* Try it
Set down the data below without change, skipping the pictures it holds.

* Supplied information
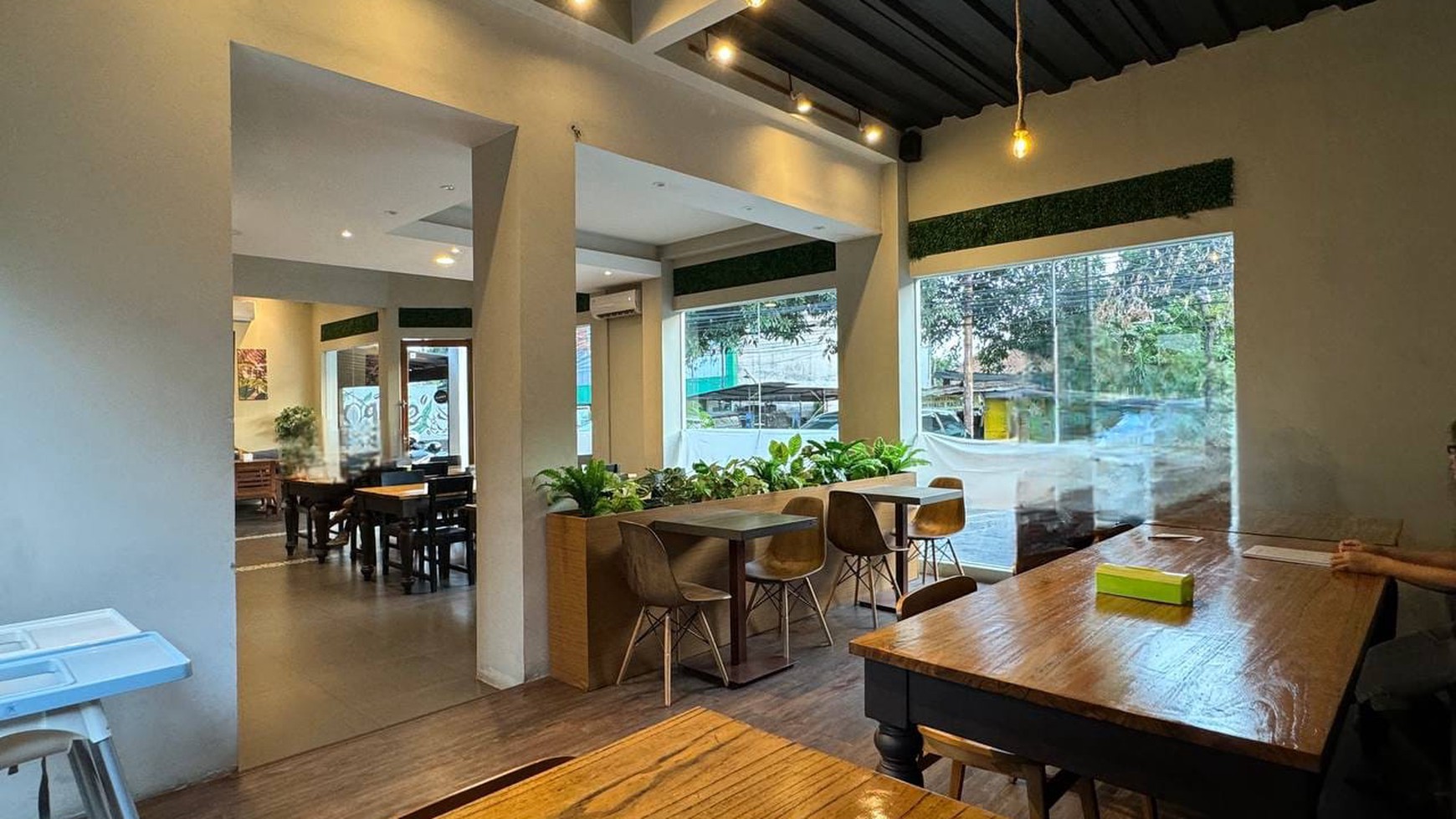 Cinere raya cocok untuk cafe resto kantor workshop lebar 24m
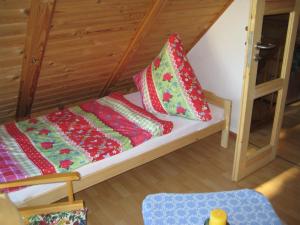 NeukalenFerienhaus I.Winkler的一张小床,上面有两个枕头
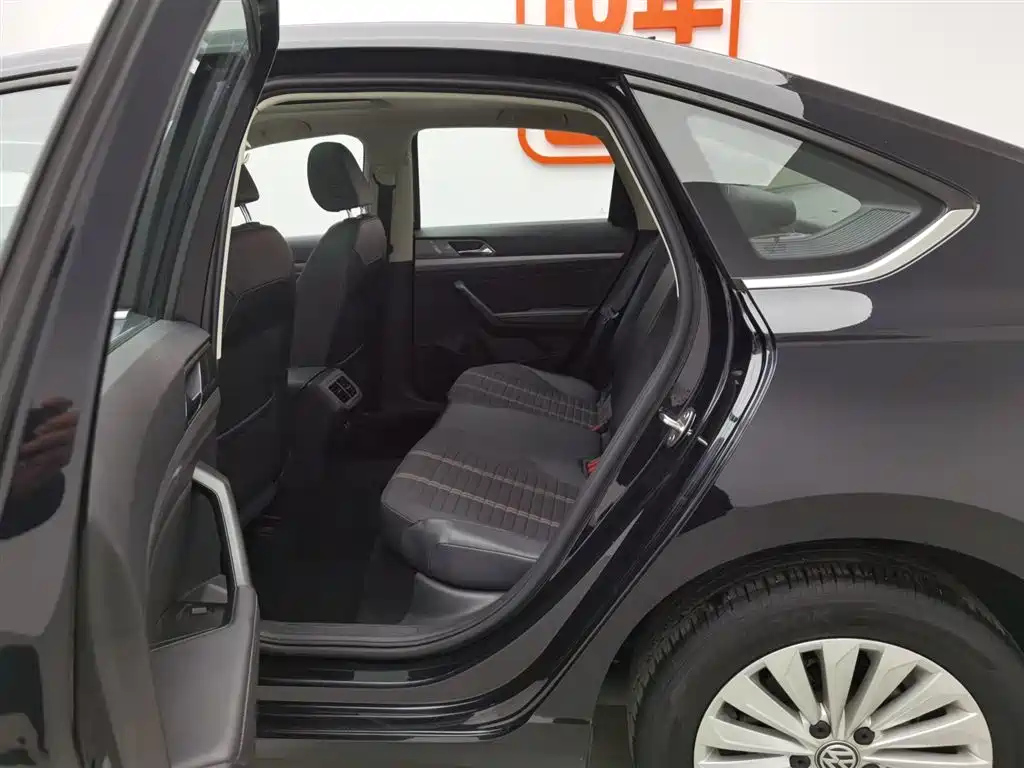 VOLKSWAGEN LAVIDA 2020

* Task answer
 Cinere raya cocok untuk cafe resto kantor workshop lebar 24m
 NeukalenFerienhaus I.Winkler的一张小床,上面有两个枕头
 VOLKSWAGEN LAVIDA 2020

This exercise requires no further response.